There was always a reason for me to stop training...some excuse..the expense, not thinking I needed it, too old, etc...But life is too short for all that.  I decided I could knock out a few birds (goals of mine) with one stone: 1)make sure I can still defend myself and loved ones 2) be more confident 3) get in better shape 4) Make a few new friends 5) find a new hobby by doing martial arts.  I just woke up one day and it seemed like a no-brainer.

I am studying in more self-defense based system here than traditional.  Everything we did (at least in my first few lessons last week) was partner based. No forms, etc. I was wary of what it was all about until I took my trial (I won't mention it to avoid being accused of spamming).  Anyway, from my research it is based heavily on WW2 combatives and Krav Maga.  I am hoping I can get to a solid level in a short period of time.  Nothing like the feeling of knowing you can deal with most situations you will encounter no matter who is around you.

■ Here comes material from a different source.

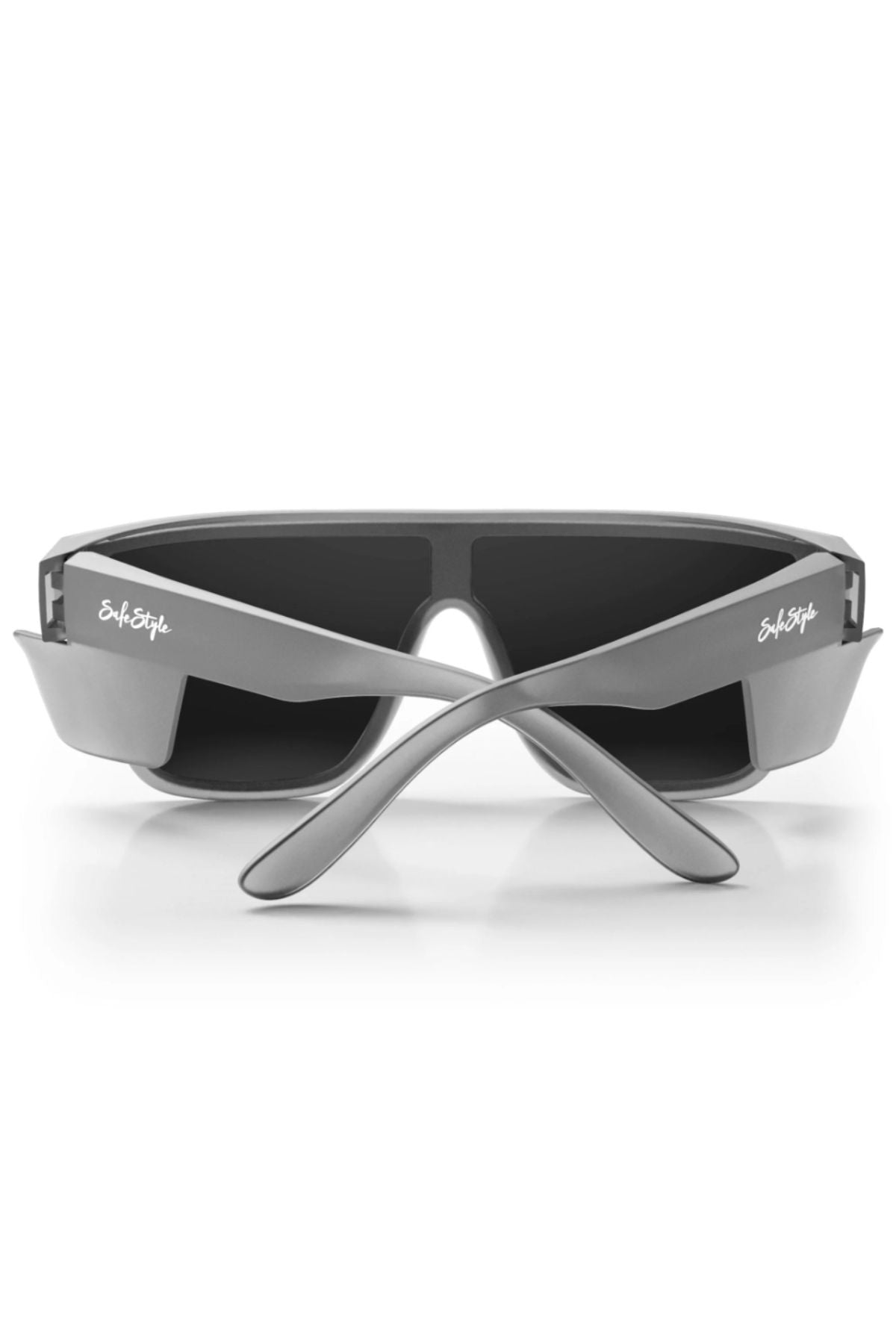 The Safestyle Primes Matte Graphite Frame Polarised Lens sunglasses are shown from the back with crossed arms. They feature shatterproof, UV400 protection and have “So In Style” printed in white on both arms near the hinges.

Everyone has been cool so far, and I am having fun.  I hope I can meet more decent folks here too. Thanks.
A


----------



## seasoned (Feb 18, 2014)

Never too old is my motto, .

Welcome to MT where there is something for everyone. See you around the site, enjoy.


----------



## K-man (Feb 18, 2014)

Welcome to MT. :wavey:



seasoned said:


> Never too old is my motto, .
> 
> Welcome to MT where there is something for everyone. See you around the site, enjoy.


I second this sentiment.


----------



## andre.selfdefense (Feb 18, 2014)

Thanks for the welcome. Really excited about what I hope will be a really good growing experience in the years to come.


----------



## donald1 (Feb 18, 2014)

welcome to MT, good luck with your chosen style


----------



## sfs982000 (Feb 18, 2014)

Welcome to the forums!


----------



## Takai (Feb 18, 2014)

Welcome to MT.


----------



## Brian R. VanCise (Feb 18, 2014)

Welcome to MartialTalk!


----------



## Tames D (Feb 18, 2014)

Welcome.


----------



## Carol (Feb 18, 2014)

Welcome.   Glad you joined us! :wavey:


----------



## cali_tkdbruin (Feb 19, 2014)

Welcome aboard! Krav Maga, that's some pretty intense stuff and quite effective too... :asian:


----------



## Daniel Sullivan (Feb 20, 2014)

Welcome to MT!


----------



## wingchun100 (Apr 1, 2014)

I was in the same boat for a long time: always a reason to quit, but I keep getting back into wing chun. While I can't go all week, I make it at least once. My progress will be slower than others, but it is better than standing still.


----------



## donald1 (Apr 1, 2014)

welcome to martial talk


----------